**DATA IN THIS EXERCISE**
=-=-=-=-=

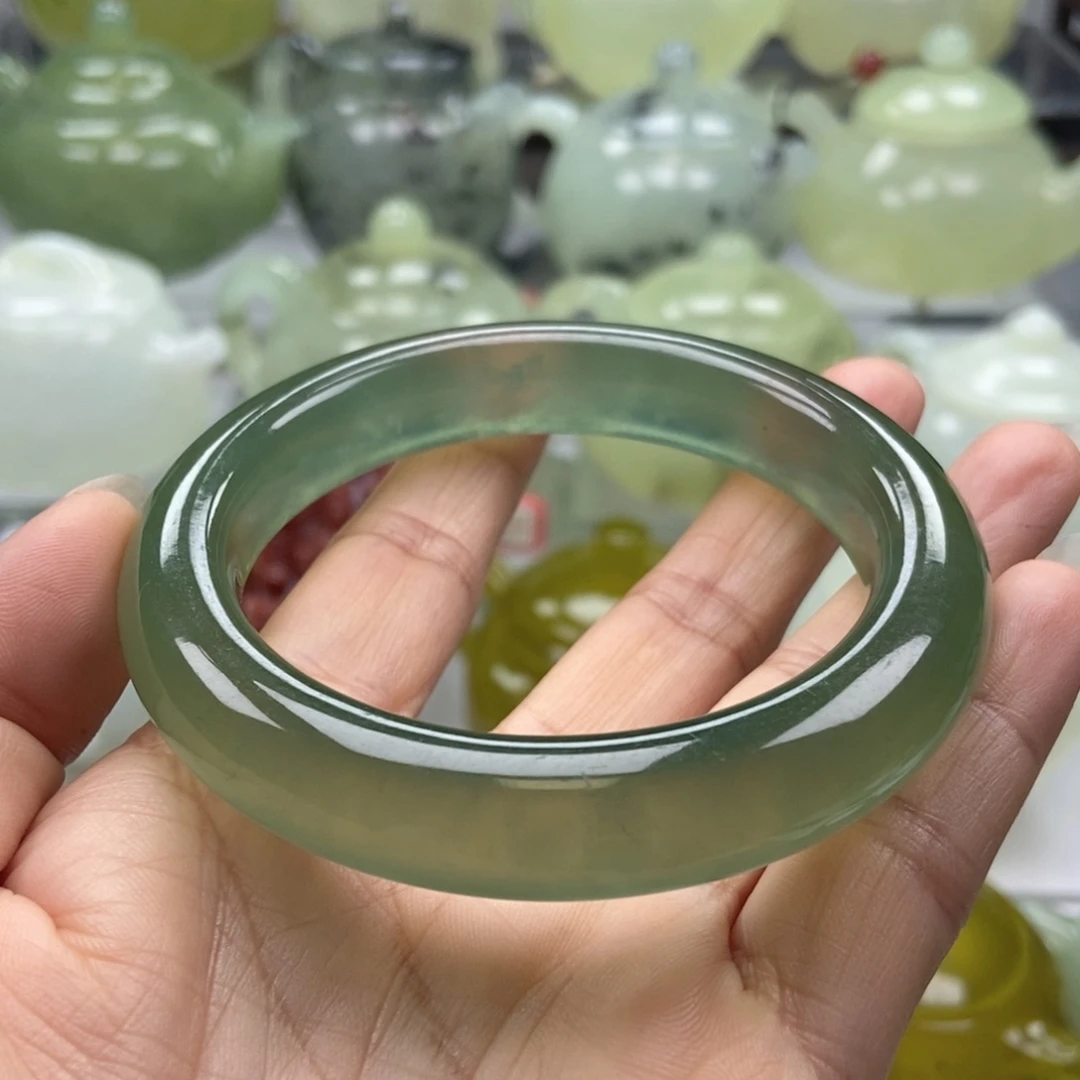 蛇纹石玉未镶嵌手镯60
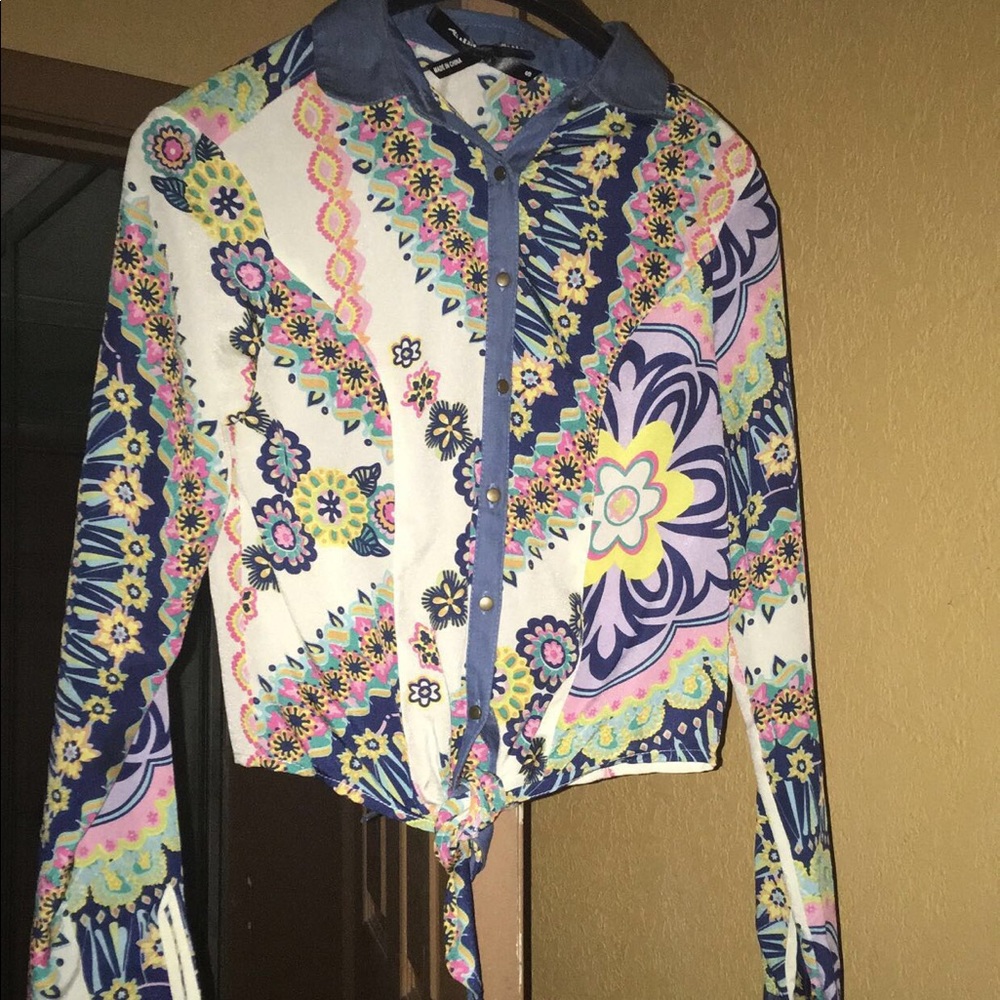 Long sleeve crop top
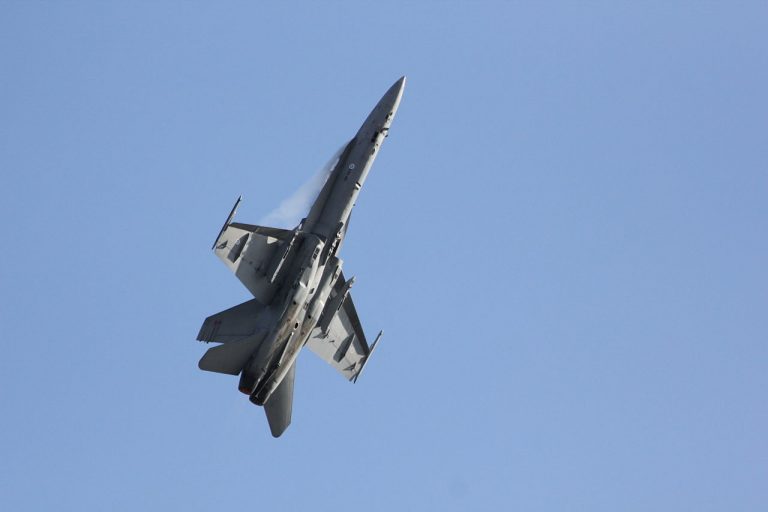 F-18C_Hornet_Tour_de_Sky_Oulu_2014-08-10_04
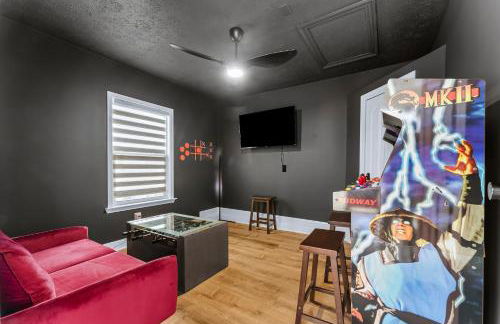 PCB Sleeps 22! 2 Homes, 2 Pools, 2 Mini Golf - Foto 19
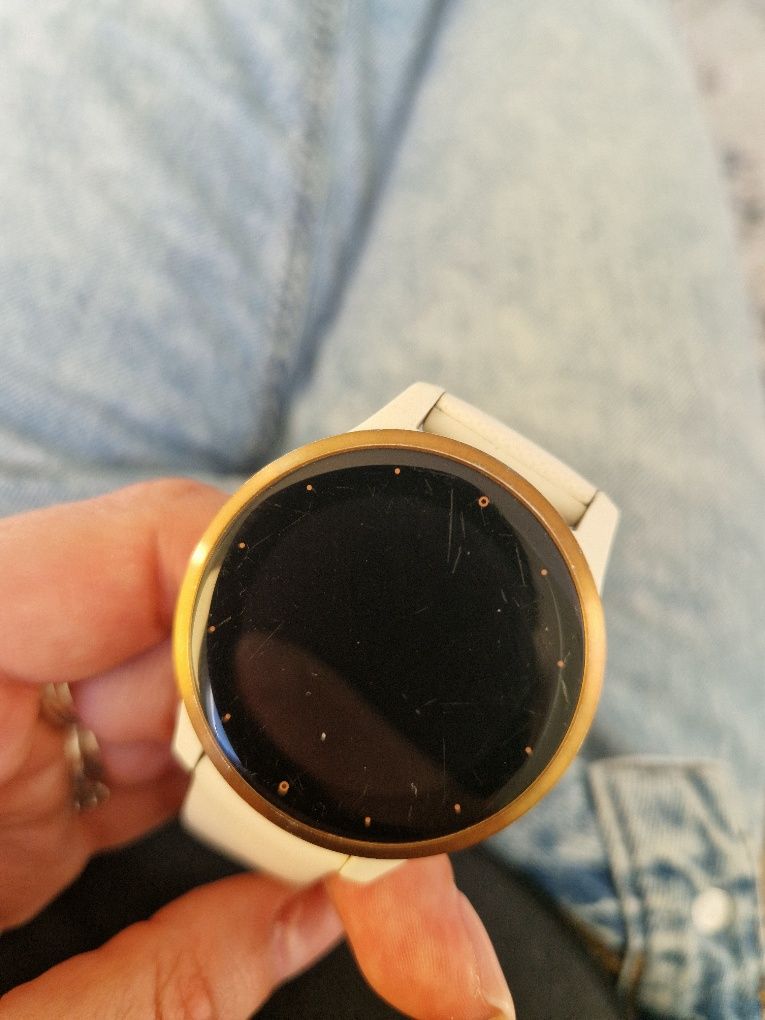 Zegarek sportowy Garmin vivoactive 4s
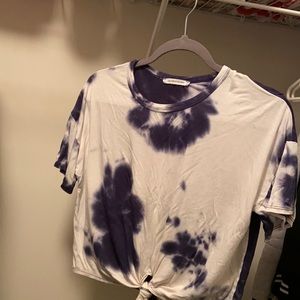 Tye die cropped shirt with tie in the front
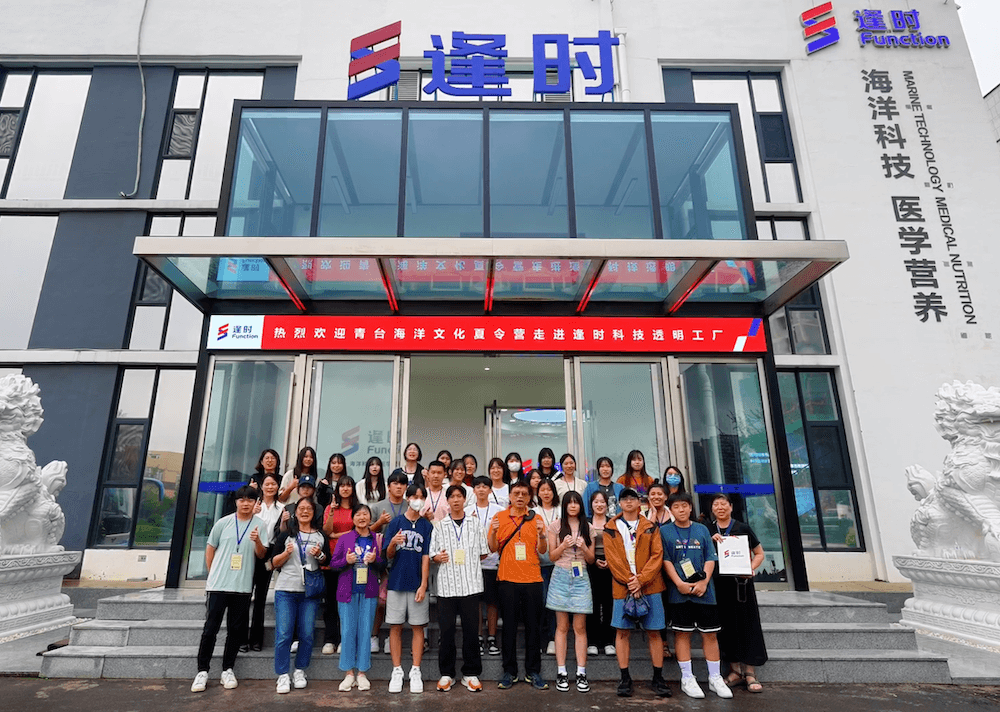 7月7日，台湾师生研学团走进逢时透明工厂，让小磷虾牵起两岸情，让两岸人共筑华夏梦。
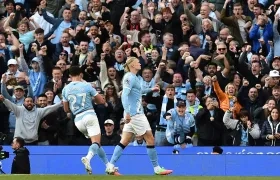 Erling Haaland celebra el 2-1 durante el partido del Manchester City y Arsenal FC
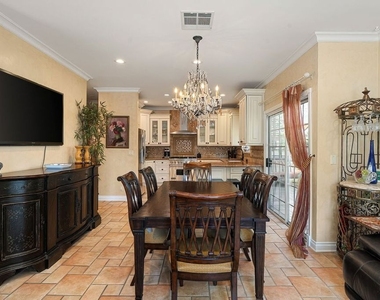 1121 21st Street - Photo Thumbnail 7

=-=-=-=-=

**TASK STATEMENT**
Omit the pictures, then give all the lines above again exactly.

**RESULT OF THE EXERCISE**
 蛇纹石玉未镶嵌手镯60
 Long sleeve crop top
 F-18C_Hornet_Tour_de_Sky_Oulu_2014-08-10_04
 PCB Sleeps 22! 2 Homes, 2 Pools, 2 Mini Golf - Foto 19
 Zegarek sportowy Garmin vivoactive 4s
 Tye die cropped shirt with tie in the front
 7月7日，台湾师生研学团走进逢时透明工厂，让小磷虾牵起两岸情，让两岸人共筑华夏梦。
 Erling Haaland celebra el 2-1 durante el partido del Manchester City y Arsenal FC
 1121 21st Street - Photo Thumbnail 7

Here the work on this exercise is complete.